Жизнь Студии после петербургских гастролей театра протекала в двух сферах, впрочем, связанных друг с другом самым тесным образом.
Занятия по "системе" продолжали какое-то время оставаться главным делом Студии. Ведь мы знали, помнили, что нас собрали именно для этого. Мы понимали, какая ответственность выпала на нашу долю, и вкладывали в работу над "системой" все свое молодое рвение, избыток своих нерастраченных сил. Худо ли, хорошо ли, но мы выполнили задачу, первоначально возложенную Станиславским на плечи Студии. Можно как угодно относиться к ее деятельности, можно Студию одобрять и не одобрять. Но нельзя, думается мне, отрицать, что именно Студия в известный момент своей практикой утвердила "систему" в качестве плодотворного и многообещающего метода сценического искусства. В этом и состоит историческая заслуга Студии, заслуга, которую отрицать нельзя.
Константин Сергеевич Станиславский, оценивая спектакль "Сверчок на печи" как "высшее художественное достижение" Первой студии, со всей определенностью сказал в своих воспоминаниях, что "в этом спектакле, может быть впервые, зазвучали те глубокие сердечные нотки сверхсознательного чувства, в той мере и в том виде, в каких они мерещились мне тогда... С тех пор артисты Московского Художественного театра стали с большим вниманием относиться к тому, что им говорилось по поводу нового подхода к творчеству. Моя популярность понемногу стала возрождаться" {К. С. Станиславский, Собр. соч., т. 1, стр. 354.}.

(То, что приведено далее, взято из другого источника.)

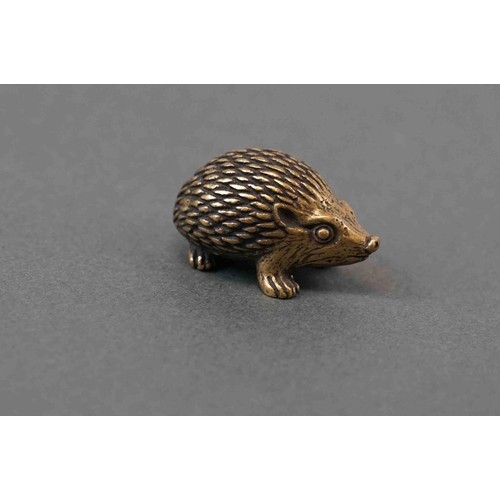 324 - A small brass figure of a hedgehog.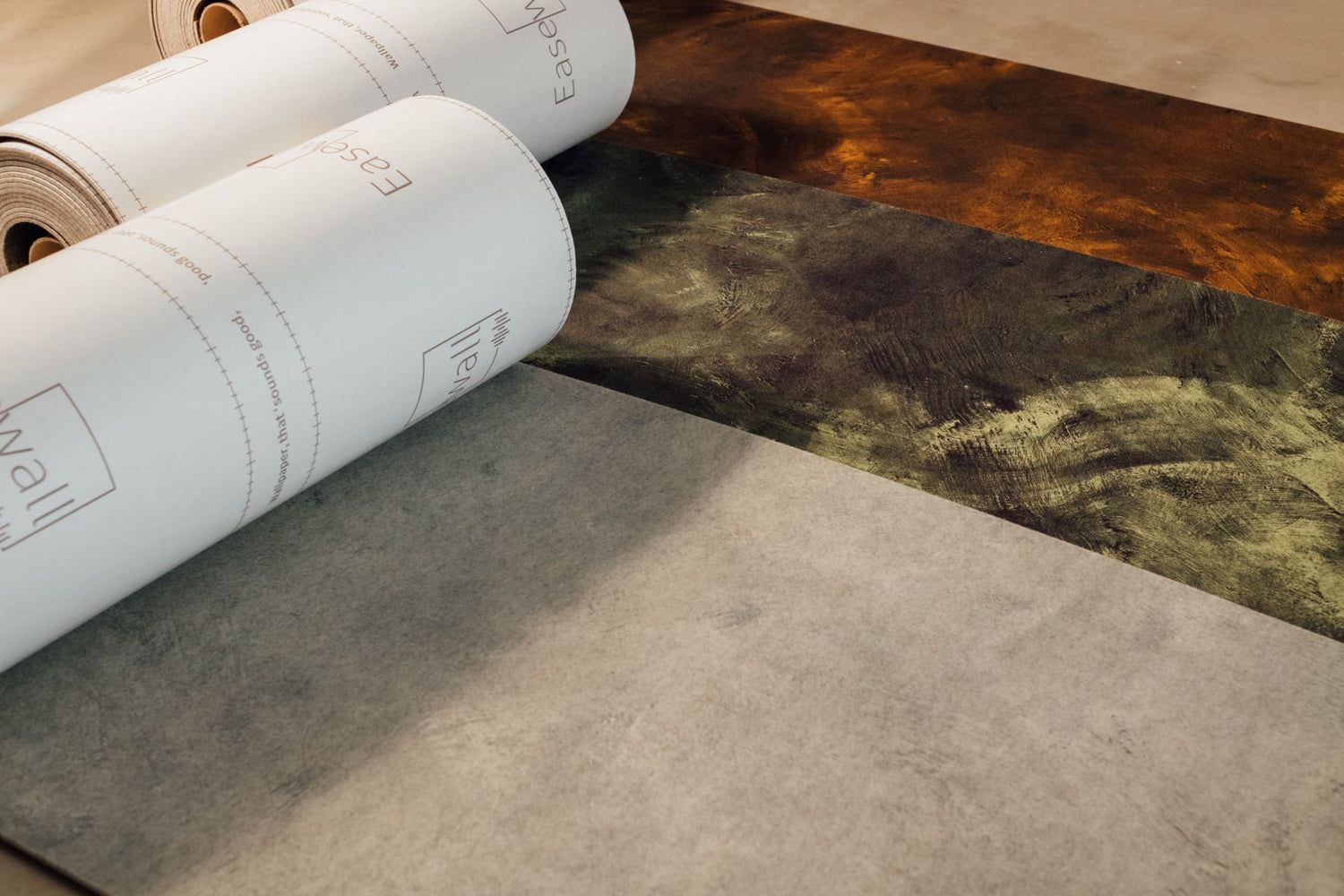 Easewall Raw Copper, Forest and Dust designs rolls rolled out over the floor showing designs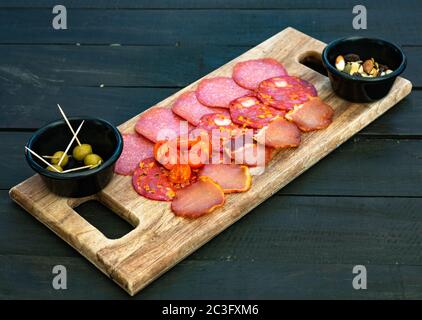 Platte für ausgehärtetes Fleisch. Chorizo, Salami, Schinken, Oliven auf einem Holzbrett. Stockfoto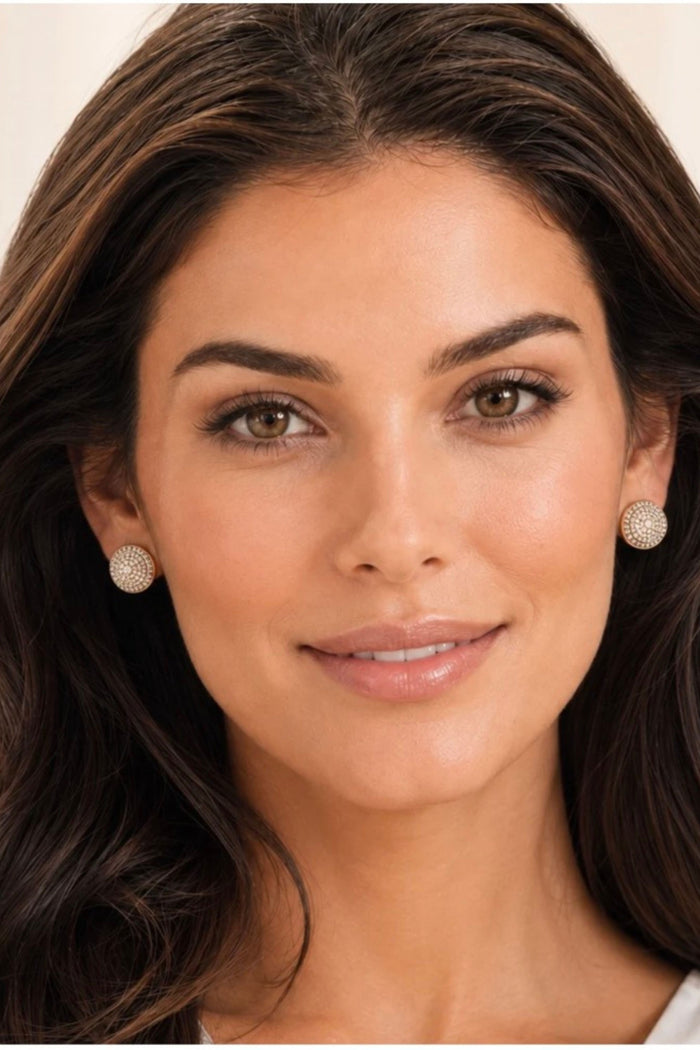 A close-up portrait of a woman with dark brown hair wearing textured, round, silver-toned stud earrings against a soft beige background.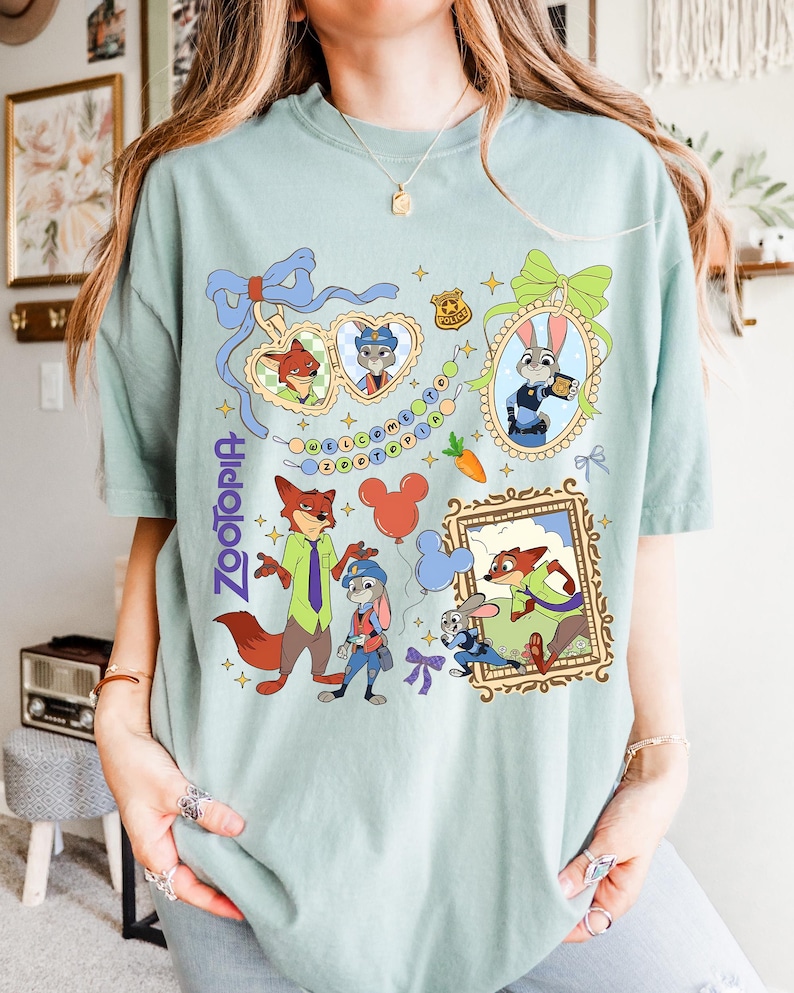 May include: A light green t-shirt featuring colorful cartoon illustrations of characters from the movie "Zootopia." The design includes images of Nick Wilde, Judy Hopps, and other characters, along with the word "Zootopia."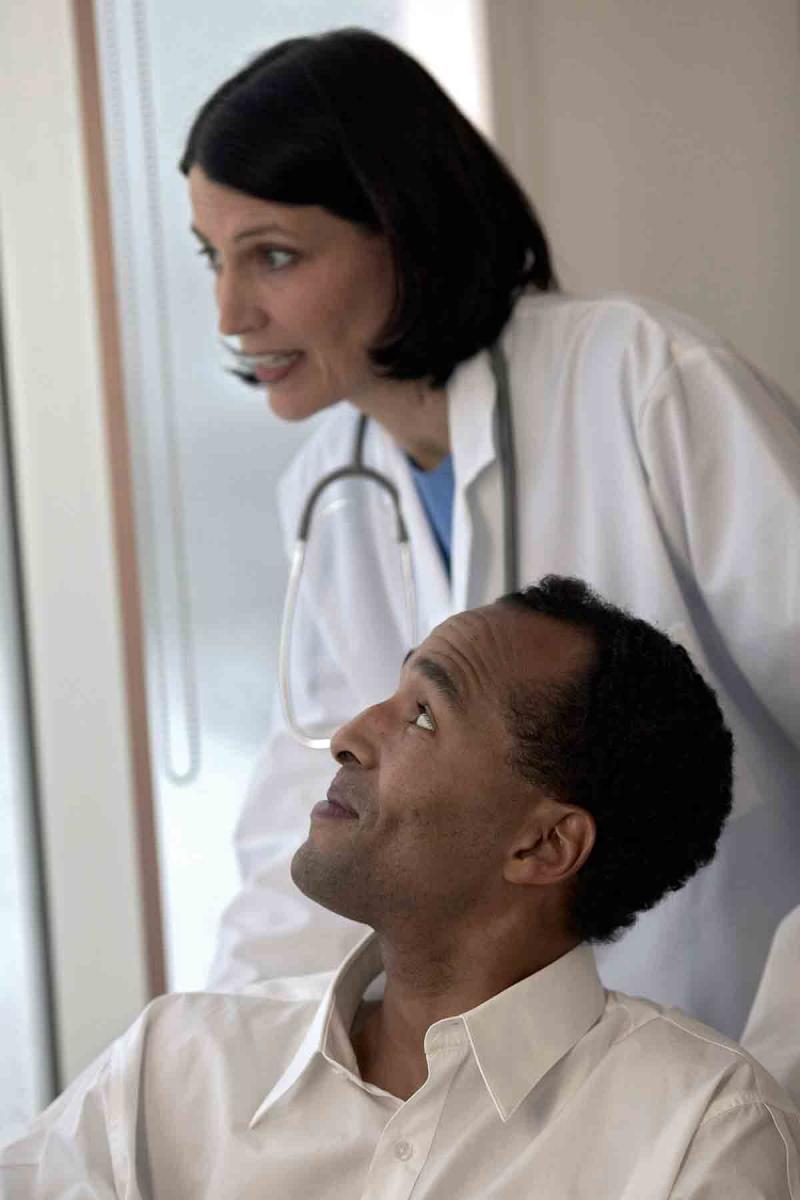 female doctor smiling and looking out of the window with male patient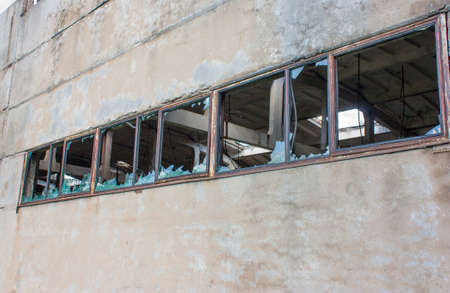 Broken windows in an old abandoned factoryの写真素材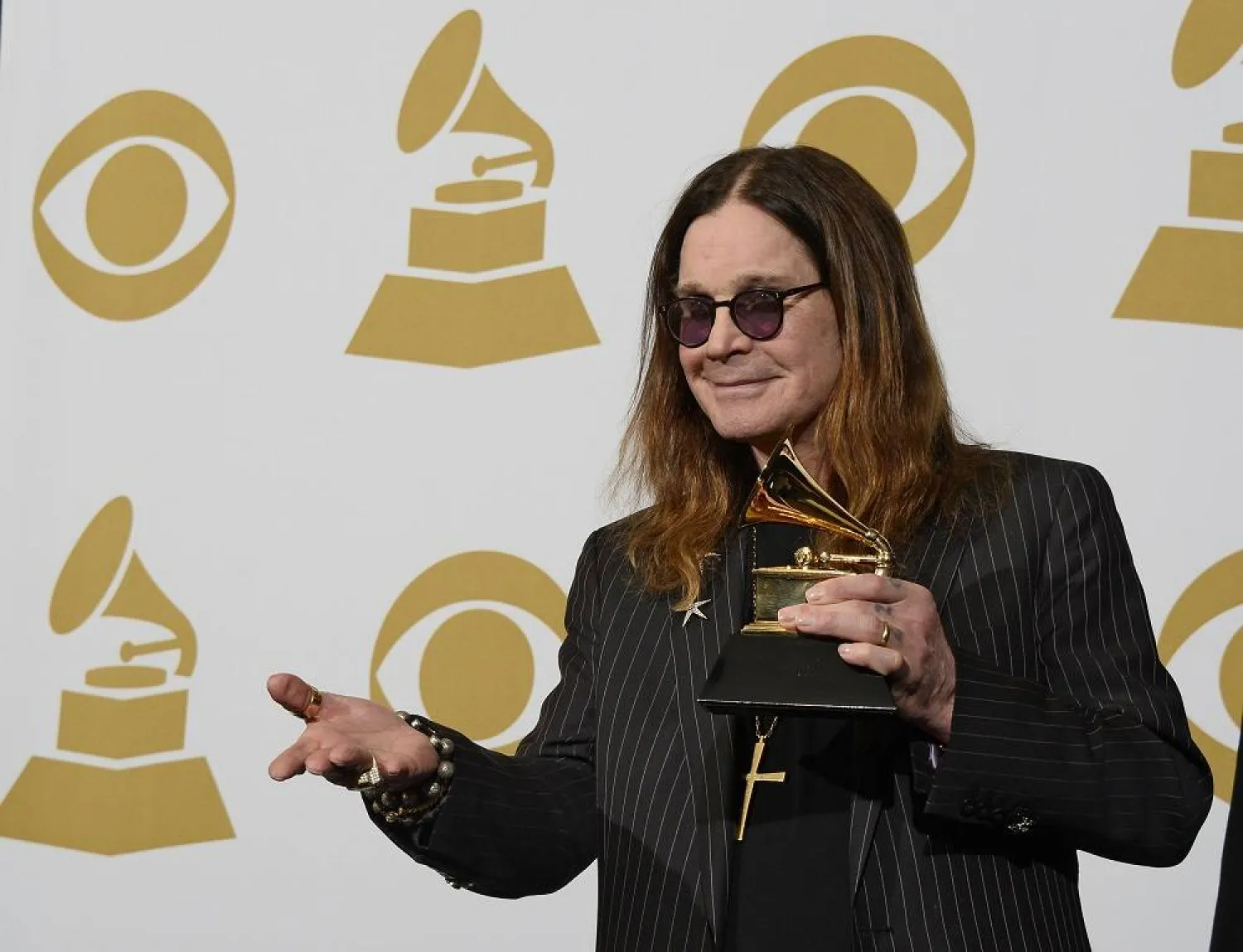 British singer Ozzy Osbourne of Black Sabbath holds up the award for "Best Metal Performance" at the 56th annual Grammy Awards held at the Staples Center in Los Angeles, California, USA, 26 January 2014 (reissued 22 July 2025). (EPA) 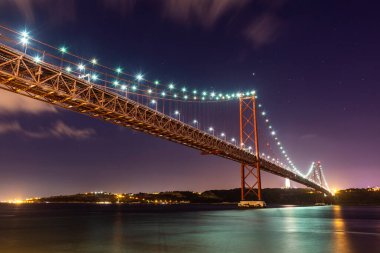 25 de Abril Köprüsü 'nün güzel manzarası Tejo Nehri üzerinde gece erken saatlerde, merkez Lizbon, Portekiz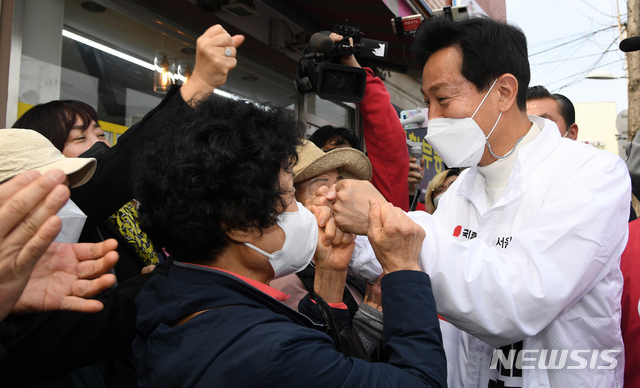 [서울=뉴시스]국회사진기자단 = 오세훈 국민의힘 서울시장 후보가 26일 오후 서울 용문시장 네거리에서 시민들과 주먹 인사를 하고 있다. 2021.03.26. photo@newsis.com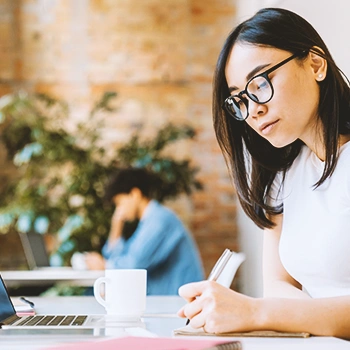 A businesswoman writing down notes in front of a laptop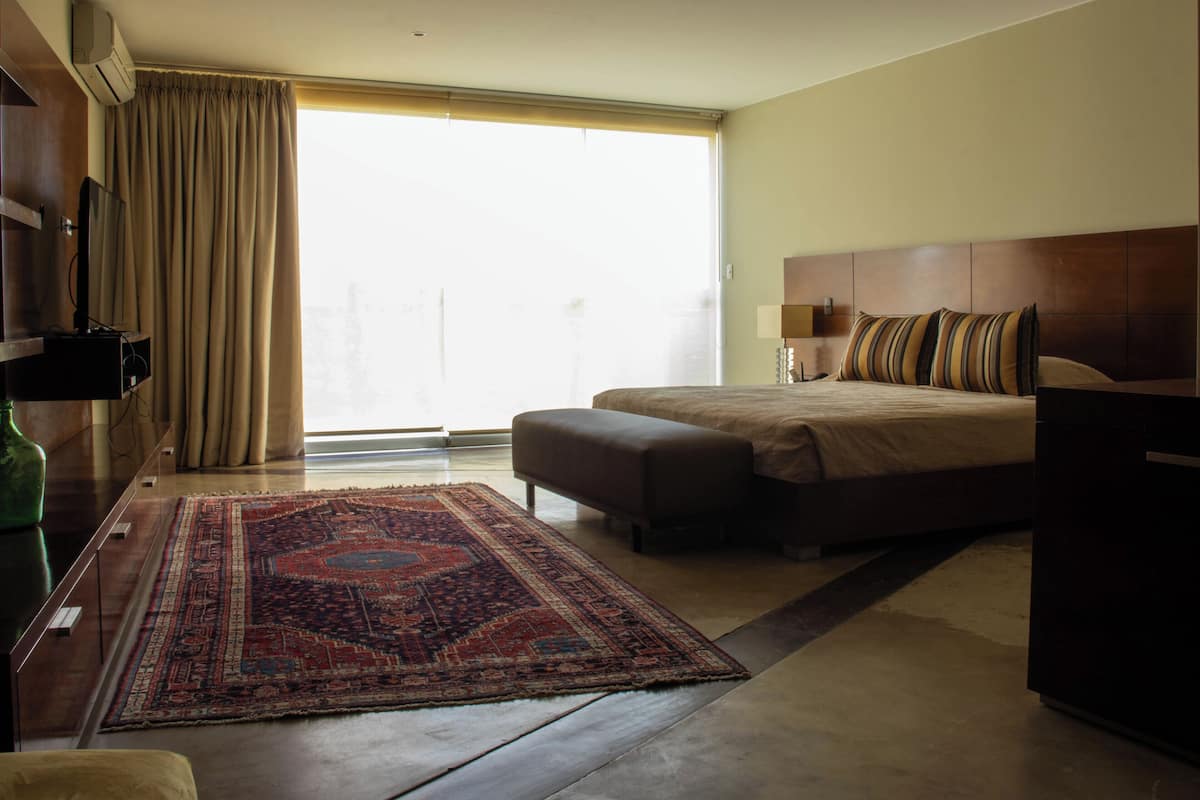 A hotel room with a bed, a desk, a TV, a window with curtains, and a patterned rug.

Конечно, речь здесь может идти лишь о первом этапе развития "системы" как творческого метода переживания -- этапе, оставленном ныне далеко позади передовой наукой о театре. Но, как говорится, лиха беда начало. Без этого раннего ее наброска "система" никогда не стала бы тем стройным материалистическим учением, каким предстает она в наши дни.
В фундаменте "системы" тогда, как, в конечном счете, и ныне, лежала мысль о правде чувств актера в качестве материала сценического образа. Этому подчинялось, служило все, чем мы тогда занимались: круг внимания, сосредоточенность, освобождение мышц, общение, "публичное одиночество", умение войти в предлагаемые обстоятельства роли. Мы жили под угрозой неумолимого "не верю!" Станиславского, и этот жестокий контроль требовал от нас предельной собранности: никогда не пробовали мы прибегать к ухищрениям, какими актер иной раз прикрывает пустую душу, стремясь лишь к видимости правды чувств.
Нам было не до обмана, потому что с первых же минут педагогического влияния на нас Станиславского мы были "отравлены", опьянены гигантскими возможностями "системы" и сами стремились не нарушать ее духа ни в чем. К тому же условия маленькой сцены и "интимного" зрительного зала не только устраняли у актеров ненужные творческие тормоза, но и требовали особенной тонкости нюансов, небывало детальной разработки душевных движений героев, вплоть до самых неуловимых.